The ultimate step is a different kind of wealth accumulation, one that Collins calls "hyper extraction" to describe how the wealthy have come to touch nearly every single part of an Americans' daily existence largely through investment firms, which allows wealthy individuals to support private companies.
"Private equity is looking for those sectors of the economy where they can increase profits a little bit harder," Collins said. "One thing I don't think people comprehend is these billionaire private-equity funds are what happens when so much wealth is parked in so few hands, and they can essentially pivot and say, 'Where else can we generate returns out of the economy?' Healthcare? Great. Mobile home parks? These people can't go anywhere, [so] you can raise their rents."
The Real Consequences
The consequences of this inequality go beyond the wealth getting wealthier. It's about people facing higher costs for their healthcare, rent and vet bills without seeing any significant salary growth.
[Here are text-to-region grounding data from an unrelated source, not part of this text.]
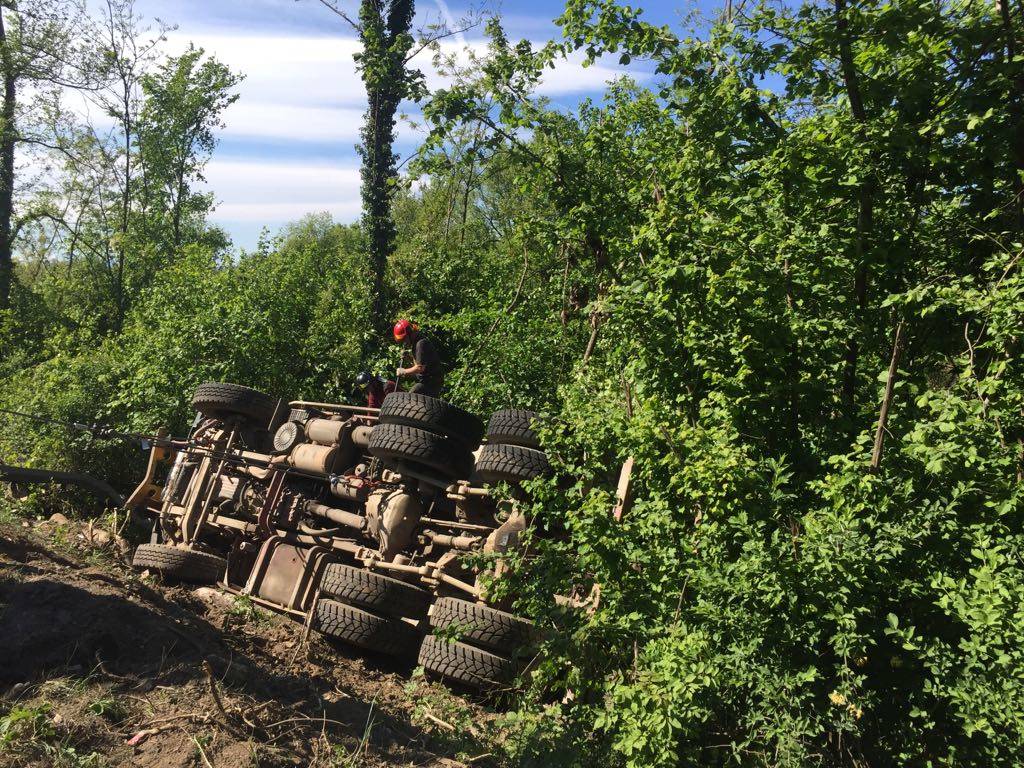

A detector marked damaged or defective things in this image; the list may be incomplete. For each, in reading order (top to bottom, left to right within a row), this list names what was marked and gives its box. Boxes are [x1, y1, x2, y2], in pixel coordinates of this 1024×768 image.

overturned truck [124, 385, 552, 692]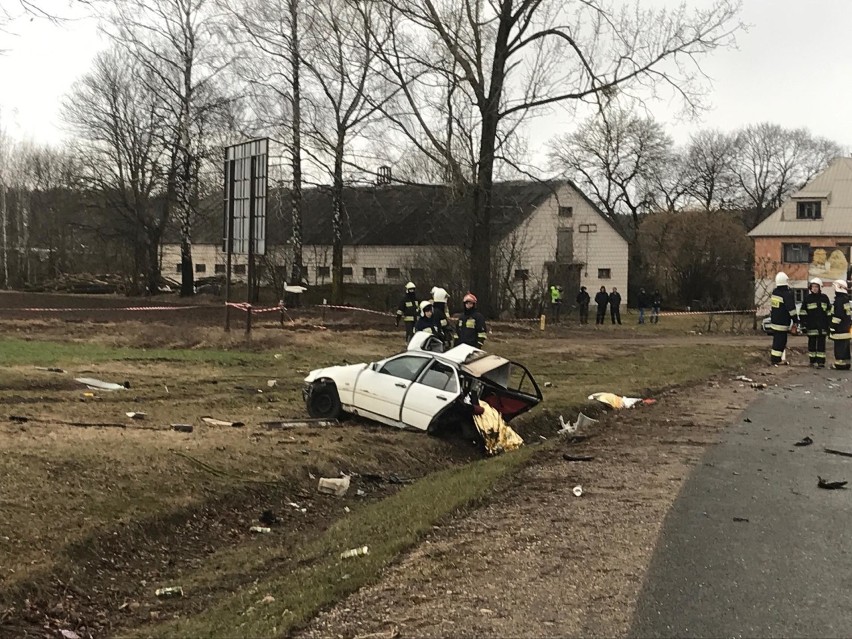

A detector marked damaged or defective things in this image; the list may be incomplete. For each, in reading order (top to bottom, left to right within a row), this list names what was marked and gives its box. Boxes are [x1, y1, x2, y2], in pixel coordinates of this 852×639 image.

white wrecked car [302, 332, 544, 438]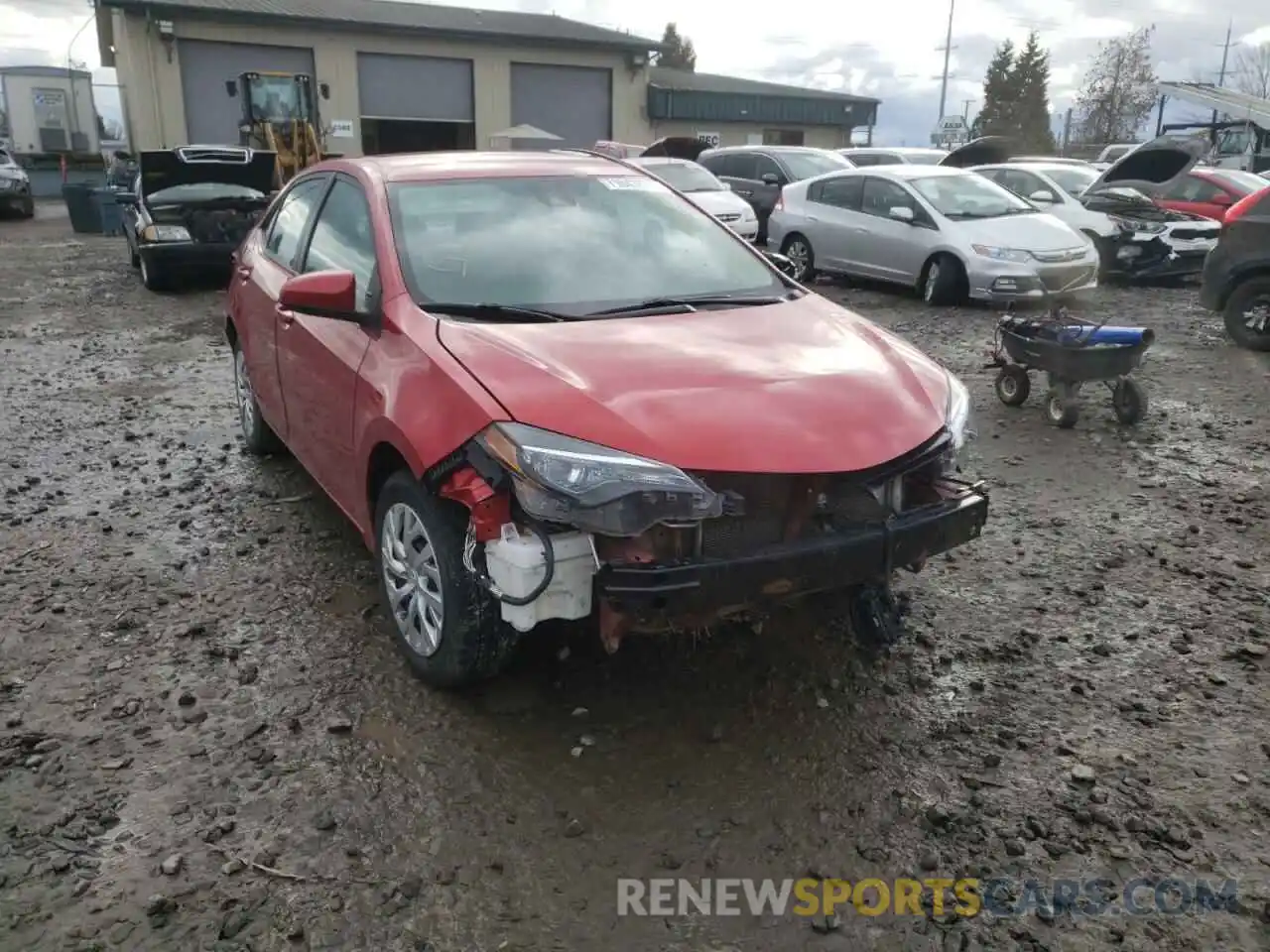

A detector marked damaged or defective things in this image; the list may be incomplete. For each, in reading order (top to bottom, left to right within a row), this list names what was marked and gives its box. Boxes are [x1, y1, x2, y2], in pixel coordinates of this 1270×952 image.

broken headlight [476, 422, 718, 536]
damaged red toyota corolla [223, 149, 988, 686]
crushed front bumper [599, 488, 992, 623]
And Collins said the suffering and anger of this kind of society can lead to serious unrest.
"The most powerful oligarchs understand people are being marginalized [and] are economically suffering," Collins said, adding that right-leaning leaders have been good at accessing a potent "phony populism".
Policy Situation
The contradiction, Collins points out in his book, is that elected representatives have appointed a string of billionaires to administrative posts. Along with tech billionaires who had short yet influential roles overseeing significant decreases to the federal workforce, other key positions for commerce, treasury, education and the interior are also all billionaires.
This administrative framework, along with help from political partners, helped pass huge tax bills, which will make enduring decreases for the wealthy and corporations.
Potential Changes
While legislative bodies continue to argue that foreign entry and poor economic deals are the source of everyone's economic problems, "the issue remains: Will the other major party, which has also been captured by the billionaires and big money, be able to seriously confront the underlying harms?" Collins said.
Left-leaning officials, he argues, know what policies are needed to "reverse the updraft of wealth", including significant reforms to the tax system, boosting the minimum wage and empowering worker groups.
"It was so, so close, and the bill really did reflect the will of the majority of people who really want lawmakers to solve some of these pressing issues," Collins said. "Elite control is not about developing so much as blocking. It's easier to block than it is to make something meaningful happen, but the muscle memory is there. We know what that looks like."
Collins is positive that there can be change, but said it would require continuous government action.
"It may be sooner than expected that the pendulum swings back, and then it really is about preserving a continuous public campaign to make progress on this severe disparity we're living in," he said. "We can address this. It is fixable."